Robust Speaker Diarization Based on Daubechies Wavelet, Nonlinear Energy Operator and Pyknogram
Sukhvinder Kaur1, J.S. Sohal2, Amit Gupta3
1Sukhvinder Kaur, Electronics and Communication Engineering, Research Scholar, IKG Punjab Technical University, Punjab, India.
2J.S Sohal, LCET, Ludhiana, Punjab, India Amit Gupta, Electronics and Communication Engineering IKGPTU, Punjab, India.
Manuscript received on November 12, 2019. | Revised Manuscript received on November 25, 2019. | Manuscript published on 30 November, 2019. | PP: 5653-5659 | Volume-8 Issue-4, November 2019. | Retrieval Number: D8535118419/2019©BEIESP | DOI: 10.35940/ijrte.D8535.118419
Open Access | Ethics and Policies | Cite | Mendeley | Indexing and Abstracting
© The Authors.

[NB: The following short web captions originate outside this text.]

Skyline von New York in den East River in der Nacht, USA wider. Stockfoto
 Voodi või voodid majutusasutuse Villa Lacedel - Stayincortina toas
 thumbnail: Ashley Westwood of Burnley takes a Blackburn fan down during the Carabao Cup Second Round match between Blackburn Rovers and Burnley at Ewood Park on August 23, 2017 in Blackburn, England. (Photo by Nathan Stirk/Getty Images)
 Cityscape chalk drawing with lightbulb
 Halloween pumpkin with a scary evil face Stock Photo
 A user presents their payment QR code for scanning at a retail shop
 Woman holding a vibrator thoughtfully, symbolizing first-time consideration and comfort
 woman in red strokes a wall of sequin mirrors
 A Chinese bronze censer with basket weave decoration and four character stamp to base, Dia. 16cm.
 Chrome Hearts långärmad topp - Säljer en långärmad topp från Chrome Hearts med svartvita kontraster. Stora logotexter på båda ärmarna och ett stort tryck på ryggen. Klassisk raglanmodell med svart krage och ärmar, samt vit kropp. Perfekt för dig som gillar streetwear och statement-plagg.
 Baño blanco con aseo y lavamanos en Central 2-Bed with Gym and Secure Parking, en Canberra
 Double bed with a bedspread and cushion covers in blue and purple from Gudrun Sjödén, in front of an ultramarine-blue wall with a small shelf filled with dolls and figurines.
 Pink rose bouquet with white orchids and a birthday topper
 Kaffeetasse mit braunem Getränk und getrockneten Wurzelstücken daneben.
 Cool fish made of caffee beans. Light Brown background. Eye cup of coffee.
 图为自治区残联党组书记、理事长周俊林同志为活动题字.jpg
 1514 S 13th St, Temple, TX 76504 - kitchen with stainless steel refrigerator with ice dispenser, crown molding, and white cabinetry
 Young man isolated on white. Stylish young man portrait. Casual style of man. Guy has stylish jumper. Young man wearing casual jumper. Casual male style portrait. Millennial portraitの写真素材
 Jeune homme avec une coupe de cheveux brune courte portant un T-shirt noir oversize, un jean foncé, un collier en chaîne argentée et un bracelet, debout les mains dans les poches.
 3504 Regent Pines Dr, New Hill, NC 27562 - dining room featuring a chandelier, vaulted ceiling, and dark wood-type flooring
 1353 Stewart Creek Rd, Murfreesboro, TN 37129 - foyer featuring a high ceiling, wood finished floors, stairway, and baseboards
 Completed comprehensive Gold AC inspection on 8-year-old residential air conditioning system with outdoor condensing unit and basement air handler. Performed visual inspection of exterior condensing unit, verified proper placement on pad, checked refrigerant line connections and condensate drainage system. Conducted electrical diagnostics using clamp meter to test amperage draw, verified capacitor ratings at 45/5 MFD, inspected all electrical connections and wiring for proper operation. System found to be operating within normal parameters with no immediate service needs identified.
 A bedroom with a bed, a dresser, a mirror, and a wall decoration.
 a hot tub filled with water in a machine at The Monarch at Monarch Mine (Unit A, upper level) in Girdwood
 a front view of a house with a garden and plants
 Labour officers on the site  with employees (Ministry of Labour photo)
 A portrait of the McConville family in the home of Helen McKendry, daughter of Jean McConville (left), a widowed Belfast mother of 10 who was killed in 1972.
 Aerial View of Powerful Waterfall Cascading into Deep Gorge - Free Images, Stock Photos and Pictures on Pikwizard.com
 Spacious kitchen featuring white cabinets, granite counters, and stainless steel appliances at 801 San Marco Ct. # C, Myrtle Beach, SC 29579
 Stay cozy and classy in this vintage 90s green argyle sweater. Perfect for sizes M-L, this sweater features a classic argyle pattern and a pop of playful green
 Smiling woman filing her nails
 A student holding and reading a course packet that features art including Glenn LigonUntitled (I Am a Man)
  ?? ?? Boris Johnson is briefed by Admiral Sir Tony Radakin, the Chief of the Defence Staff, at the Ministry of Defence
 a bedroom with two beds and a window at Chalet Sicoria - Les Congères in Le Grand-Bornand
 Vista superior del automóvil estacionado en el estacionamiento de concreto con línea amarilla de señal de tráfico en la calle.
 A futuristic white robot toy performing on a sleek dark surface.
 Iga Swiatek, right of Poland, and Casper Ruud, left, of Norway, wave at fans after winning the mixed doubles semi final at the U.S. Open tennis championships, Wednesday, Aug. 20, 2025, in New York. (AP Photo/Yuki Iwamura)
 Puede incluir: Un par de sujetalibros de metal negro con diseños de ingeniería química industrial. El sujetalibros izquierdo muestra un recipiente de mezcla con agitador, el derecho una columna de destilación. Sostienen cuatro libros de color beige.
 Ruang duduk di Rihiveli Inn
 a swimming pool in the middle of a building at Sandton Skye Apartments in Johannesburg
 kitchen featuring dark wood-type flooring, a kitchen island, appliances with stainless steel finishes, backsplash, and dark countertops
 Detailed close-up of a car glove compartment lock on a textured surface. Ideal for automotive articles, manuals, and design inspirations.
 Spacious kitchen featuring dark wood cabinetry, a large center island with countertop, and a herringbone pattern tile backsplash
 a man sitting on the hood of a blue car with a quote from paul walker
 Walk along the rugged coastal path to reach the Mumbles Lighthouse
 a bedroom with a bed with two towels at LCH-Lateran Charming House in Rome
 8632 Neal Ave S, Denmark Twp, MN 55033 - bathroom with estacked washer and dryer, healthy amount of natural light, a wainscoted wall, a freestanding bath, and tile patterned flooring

Blue Eyes Intelligence Engineering and Sciences Publication (BEIESP). This is an open access article under the CC-BY-NC-ND license (http://creativecommons.org/licenses/by-nc-nd/4.0/)
Abstract: Two common disciplines of speech processing are speaker recognition “identification and verification of speaker”, and speaker diarization, “who spoke when”. Motivated by various applications in automatic speaker recognition, speaker indexing, word counting, and audio transcription, speaker diarization (SD) becomes a significant area of signal processing. The basic designing steps of SD are feature extraction, voice activity detection (VAD), segmentation, and clustering. VAD process is accomplished by Daubechies 40, discrete wavelets transform (DWT). Initially, DWT was used for compression, scaling, and denoising of audio-stream and then partitioned into small frames of size 0.12 seconds. Next, features of each frame were extracted by applying nonlinear energy operator (NEO) based pyknogram. To measure the similarity between frames, a sliding window on delta-BIC distance metric was applied. A negative value of its output represents the same segments and vice-versa. To improve the output of the segmentation process, resegmentation was applied by information change rate method. At last, hierarchical clustering groups the homogeneous segments that correspond to a particular speaker and has been graphically represented by the dendrogram. The performance of SD was evaluated by F-measure and speaker diarization error rate (SER) and their results were compared with the traditional speaker diarization system that uses MFCC and BIC for segmentation and clustering. It reveals a significant reduction of 12.3% of SER in the proposed diarization system.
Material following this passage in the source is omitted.